During the creation of PostgreSQL blue/green deployment, as mentioned earlier, you have to change the parameter group to enable logical replication. For my instance, it took around 10 seconds on reboot as you see on the graph below.
However, blue/green deployment itself did not cause any downtime, the database remained available for the application for the whole time. Switchover on the other hand caused the process to hang and the application lagged for less than two minutes!
Cleaning up
You can clean up the resources you have created using the AWS Console or CLI. In the Console it looks like this: delete the old database (marked with gray B) as well as the deployment. Do not worry, deleting the deployment does not delete the nested databases in the UI 😆. The same way you can do it for PostgreSQL.
Checking the changes
When you detect drift in CloudFormation it will show the change. Just copy it over to the template and update the stack. Nothing will happen to the database (as long as this is the only change).
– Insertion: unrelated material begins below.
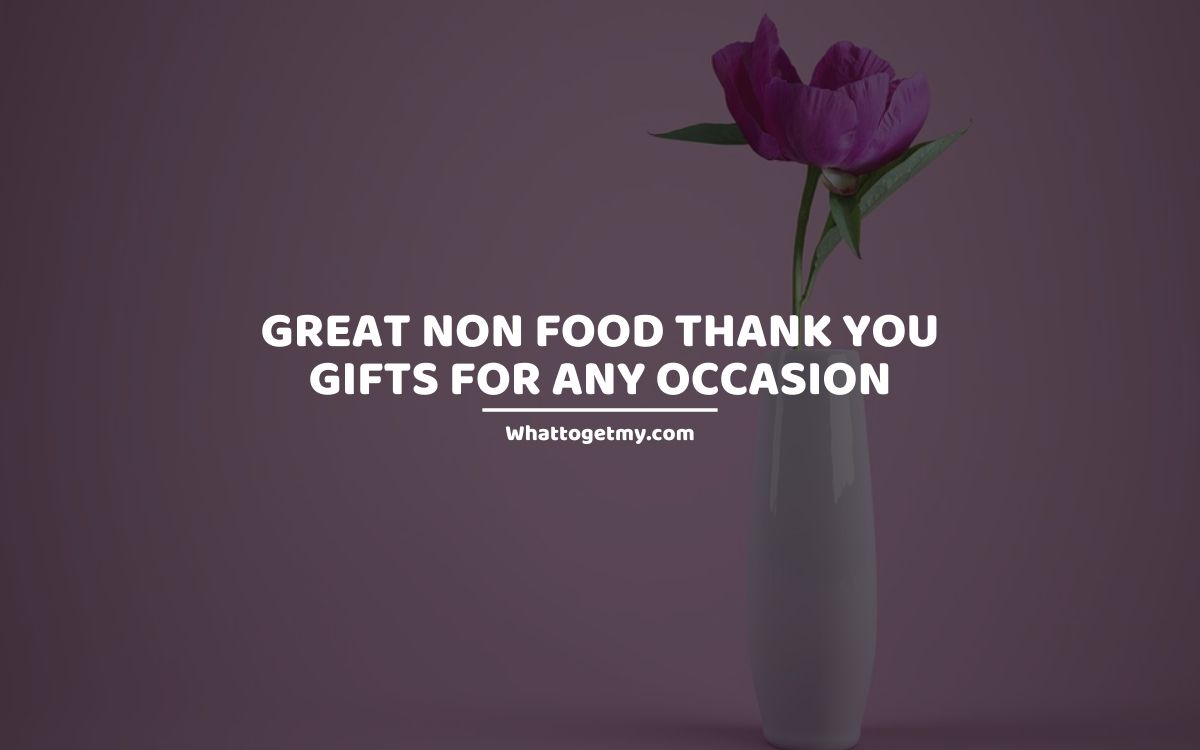 great Non Food Thank You Gifts for any occasion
In Terraform you have to be more careful.
If you run tofu plan
when the old database is still existing, it will show you
the following:
module.postgresql.aws_db_instance.postgresql: Refreshing state... [id=db-ABCDEFGHIJ1234567890ABCDEF]
...
# module.postgresql.aws_db_instance.postgresql will be updated in-place
~ resource "aws_db_instance" "postgresql" {
id = "db-ABCDEFGHIJ1234567890ABCDEF"
~ identifier = "postgresql-database-old1" -> "postgresql-database"
tags = {}
# (55 unchanged attributes hidden)
}
It means that the name of the old database will be changed to a new one.
However, once the deletion process is finished in AWS, it magically changes to
the new database with next tofu plan
without doing anything to the state 🧐:
module.postgresql.aws_db_instance.postgresql: Refreshing state... [id=db-ABCDEFGHIJ1234567890ABCDEF]
...
# module.postgresql.aws_db_instance.postgresql will be updated in-place
~ resource "aws_db_instance" "postgresql" {
~ engine_version = "17.5" -> "13.21"
id = "db-ZXYW123456TUVWXYZ123456789"
tags = {}
# (56 unchanged attributes hidden)
}
The state still refers to the old database instance ID but it is somehow relayed to the new one. As soon as I change the engine version to the new one, it shows no changes, even without applying. On the other hand, when I made an unrelated change, the new ID for PostgreSQL was updated in the state without any prompts.
...
module.postgresql.aws_db_instance.postgresql: Refreshing state... [id=db-ZXYW123456TUVWXYZ123456789]
...
Conclusion
So it is clear now. Doing blue/green deployment is pretty easy, even when you use an IaC tool. The only caveat is that the new database is just a reader but in most cases it should be enough proof that the new version works. After all, you should have a stack with local database in the new version that you can perform integration tests on (for example Docker Compose).